El “alemán” en cuestión era Paulo Roberto Falcão, y si bien Jofre se limitaba a emplear la denominación popular en Brasil para cualquiera que tenga la piel y el cabello claros, el término, de algún modo, suponía una especie de presagio. Aquel día empezaba la trayectoria de una de las mayores figuras de la historia de Brasil, aunque distinta a la mayoría. Poseía toda la habilidad y fantasía del mundo, aunque también garra y aptitudes para la contención. Un astro cuyo cometido no consistía en marcar goles, sino en organizar a su equipo desde donde empieza todo: en el mediocampo, a veces incluso en la defensa. Más o menos, como otro famoso dorsal número 5, ese sí de nacionalidad alemana: Franz Beckenbauer.

“Perfecto”
Para quien está habituado al concepto actual de “cinco”, resulta difícil imaginarlo. Falcão fue uno de los últimos representantes de un linaje de primeros volantes cuya principal característica no era la de ser voluntariosos ni preocuparse por seguir al adversario, recuperar el balón y pasárselo al compañero más cercano. El Internacional no tardaría en darse cuenta de que en aquel muchacho tenía a alguien completo, que jugaba por delante de la retaguardia, sí, pero de cuyos pies nacería casi todo lo que el equipo de Rio Grande do Sul creó durante el decenio de 1970. Y no fue poca cosa.

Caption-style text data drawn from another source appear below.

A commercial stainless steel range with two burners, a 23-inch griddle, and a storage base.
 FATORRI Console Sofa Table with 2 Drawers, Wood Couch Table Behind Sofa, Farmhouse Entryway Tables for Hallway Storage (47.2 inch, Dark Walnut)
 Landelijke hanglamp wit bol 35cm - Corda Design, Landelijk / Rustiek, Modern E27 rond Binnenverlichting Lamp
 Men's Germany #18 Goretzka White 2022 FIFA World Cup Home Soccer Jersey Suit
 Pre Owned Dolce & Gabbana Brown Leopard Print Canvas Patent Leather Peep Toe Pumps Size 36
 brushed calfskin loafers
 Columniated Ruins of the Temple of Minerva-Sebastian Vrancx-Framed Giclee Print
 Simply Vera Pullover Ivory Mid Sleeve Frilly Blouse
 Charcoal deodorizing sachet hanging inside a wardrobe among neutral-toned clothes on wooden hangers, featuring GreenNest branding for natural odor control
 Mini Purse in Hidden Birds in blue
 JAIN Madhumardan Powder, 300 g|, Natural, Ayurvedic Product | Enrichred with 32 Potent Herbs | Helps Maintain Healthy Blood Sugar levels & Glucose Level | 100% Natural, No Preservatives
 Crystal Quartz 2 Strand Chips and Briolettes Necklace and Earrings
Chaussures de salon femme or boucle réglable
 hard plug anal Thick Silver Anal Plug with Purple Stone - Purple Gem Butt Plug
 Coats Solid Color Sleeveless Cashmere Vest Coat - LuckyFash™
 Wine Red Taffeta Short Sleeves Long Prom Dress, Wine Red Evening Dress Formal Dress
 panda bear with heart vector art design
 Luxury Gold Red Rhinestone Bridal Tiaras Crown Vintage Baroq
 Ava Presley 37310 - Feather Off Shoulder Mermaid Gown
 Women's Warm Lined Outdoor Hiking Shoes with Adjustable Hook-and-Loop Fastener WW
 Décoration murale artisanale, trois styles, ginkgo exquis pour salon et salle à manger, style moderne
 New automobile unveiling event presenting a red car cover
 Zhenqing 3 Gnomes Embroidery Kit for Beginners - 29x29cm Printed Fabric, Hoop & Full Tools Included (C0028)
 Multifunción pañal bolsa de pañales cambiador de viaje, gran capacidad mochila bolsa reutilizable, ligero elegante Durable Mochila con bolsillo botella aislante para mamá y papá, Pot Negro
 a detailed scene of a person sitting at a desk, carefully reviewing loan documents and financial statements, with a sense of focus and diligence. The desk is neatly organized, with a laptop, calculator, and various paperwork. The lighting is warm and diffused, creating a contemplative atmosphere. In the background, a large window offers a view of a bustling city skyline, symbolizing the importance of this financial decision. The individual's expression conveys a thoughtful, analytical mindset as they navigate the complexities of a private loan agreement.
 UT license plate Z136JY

Paulo Roberto Falcão fue el líder y símbolo de una de las grandes dinastías del fútbol brasileño. En los seis años transcurridos entre su debut en el equipo profesional delColorado, en 1973, hasta su salida, en 1979, el club conquistó cinco Campeonatos Gaúchos, y solo dejó de estar entre los cuatro primeros clasificados del Brasileirão una vez, en 1974. En ese periodo, se convirtió en el primer equipo que ganaba tres títulos en la era del Campeonato Brasileño, posterior a 1971, con los trofeos de 1975, 1976 y 1979, este último sin perder ni un solo partido, algo que nadie ha logrado repetir.

Por aquel entonces, aunque se hubiese quedado fuera de la Copa Mundial de la FIFA 1978™ debido a una discrepancia con el seleccionador, Cláudio Coutinho, la calidad de Falcão concitaba una unanimidad absoluta, y todos se referían a él, con naturalidad, como “el mejor volante brasileño de todos los tiempos”. Hasta el punto de que el entrenador del Palmeiras en 1979, Telê Santana —que podía ser cualquier cosa menos dado a elogios gratuitos— dejó el estadio estupefacto después de asistir a una victoria del Colorado sobre el Internacional de Limeira. Cuando los periodistas le preguntaron, fue categórico: “Hoy he visto una actuación perfecta de un jugador. Falcão ha ganado el partido”.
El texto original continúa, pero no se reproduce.